Semua mungkin sudah mahfum, banjir adalah rutinitas biasa bagi mereka yang hidup di Jakarta, terutama mereka yang tinggal di pinggir sungai atau daerah yang resapan airnya tidak memadai. Banjir seakan bukan lagi bencana. ”Tidak ada yang perlu disesali. Tidak perlu mengeluh. Ini mah biasa. Gak tinggi-tinggi amat,” begitu kata tetangga sebelah.

”Sudah tau kalo di sini rawan banjir, masih mau aja ngontrak,” demikian ucap yang lain. Ah entahlah. Papa, mama, apalagi Evan yang baru seumur jagung, jelas tak terbiasa berteman dengan luapan air, apalagi dari selokan kotor, bau, dan tak sehat.

Papa, Mama, Mbak Fat, dan Evan masih kebingungan. Tak tau mau bagaimana. Malam menjelang dini, air tak juga surut. Menunggu air surut, sama saja dengan mengundang penyakit. Mau mengungsi Evan tidak punya famili di sini. Menginap semalam di rumah temen papa, juga bukan pilihan tepat. Malu. Takut ngerepoti. Dan lain-lain. Dan lain sebagainya.

Pilihan terakhir dan agak berat diongkos ya mengungsi ke hotel terdekat. Berbekal pakaian seperlunya, Evan dll beranjak menuju salah satu hotel di dekat Taman Ismail Marzuki (TIM). Papa pilih di situ bukan tanpa alasan. Sapa tahu, pas hujan reda, papa-mama bisa kongkow2 di TIM, sambil ngopi ato minum jahe untuk menglihangkan stres dan penat pikir. Evan bisa istirah tenang di kamar bersih.

Mengungsi di hotel pas banjir bukan hal baru bagi warga Jakarta. Pebruari 2007 pas banjir besar menyapu Jakarta, kaum urban kelas menengah atas memenuhi hotel-hotel dari kelas melati sampai berbintang. Tapi bagi Evan, ini pengalaman baru. Bukan untuk gagah-gagahan apalagi membuang duit berlebih. Ini hanya keterpaksaan agar psikis tak terganggu dan Evan tak terjangkit penyakit.

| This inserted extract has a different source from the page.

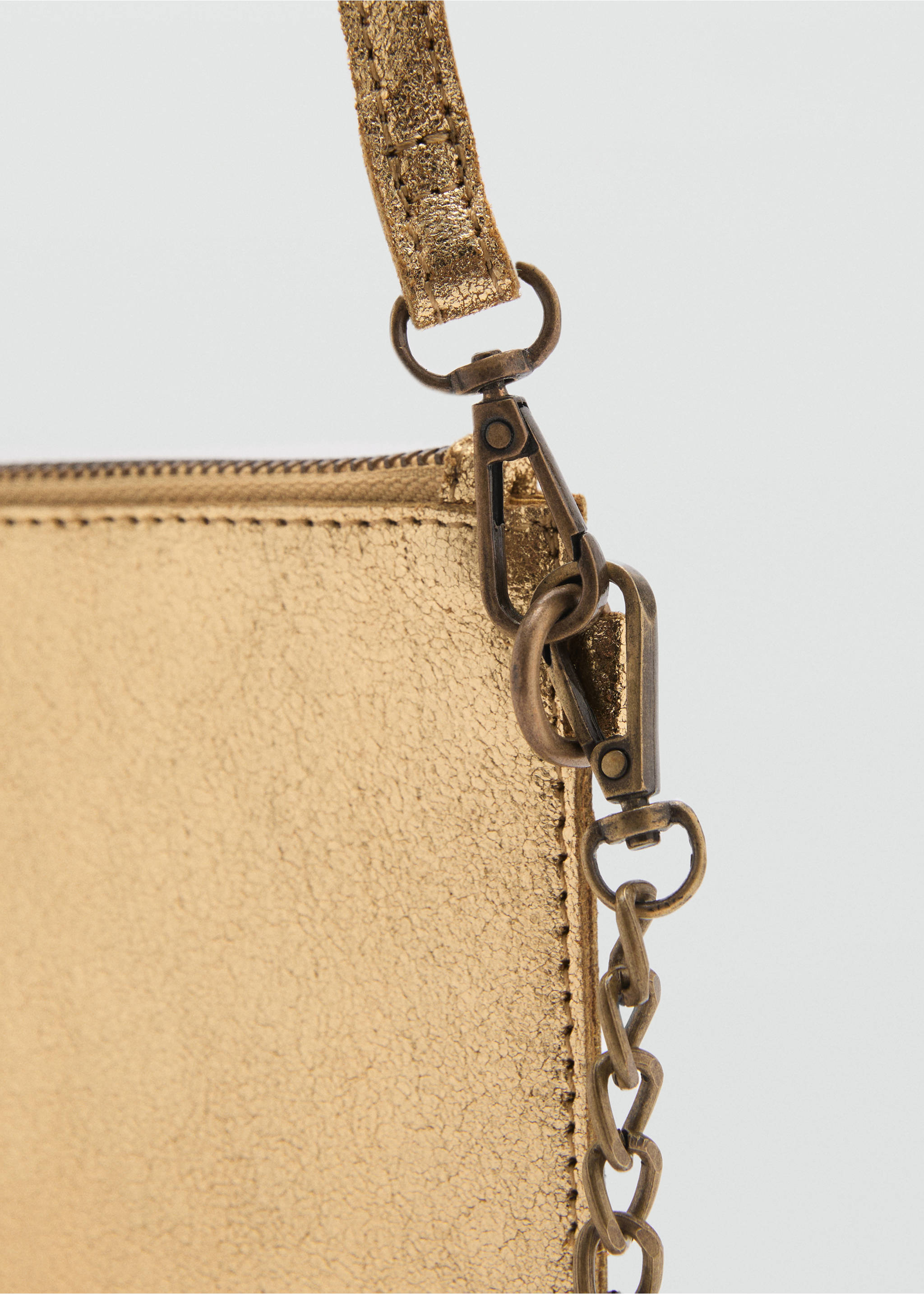 Ledertasche mit Metallic-Effekt - Detail des Artikels 1, Gold. Ref: 87091516-00.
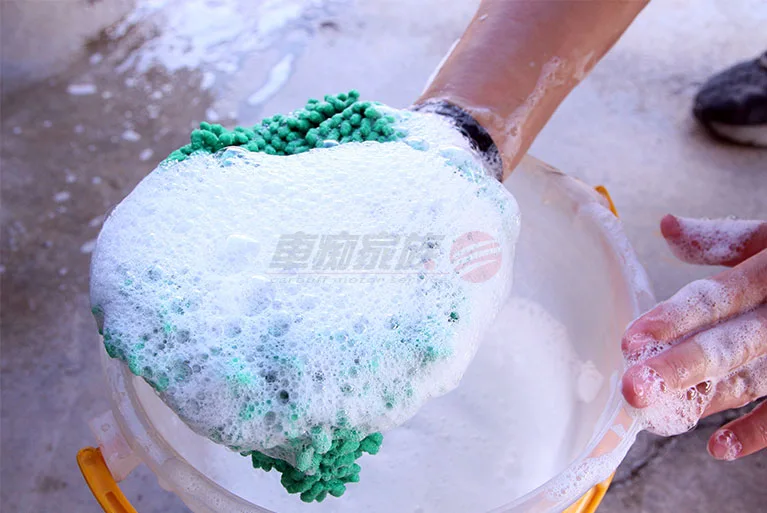 洗車水桶，手工起泡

Ah…Evan bermimpi suatu saat punya rumah di pinggir sungai bersih jernih yang mengalir membelah kota bersih, teratur, dan masyarakatnya beradab. Betapa enaknya. Pagi bangun, minum teh atau secangkir kopi di belakang rumah sambil mendengarkan gemericik air kehidupan. Sore memancing di sebelah. Malam, kalo tiba-tiba bangun bisa melongok sebentar melihat ketenangan sang Dewi Air.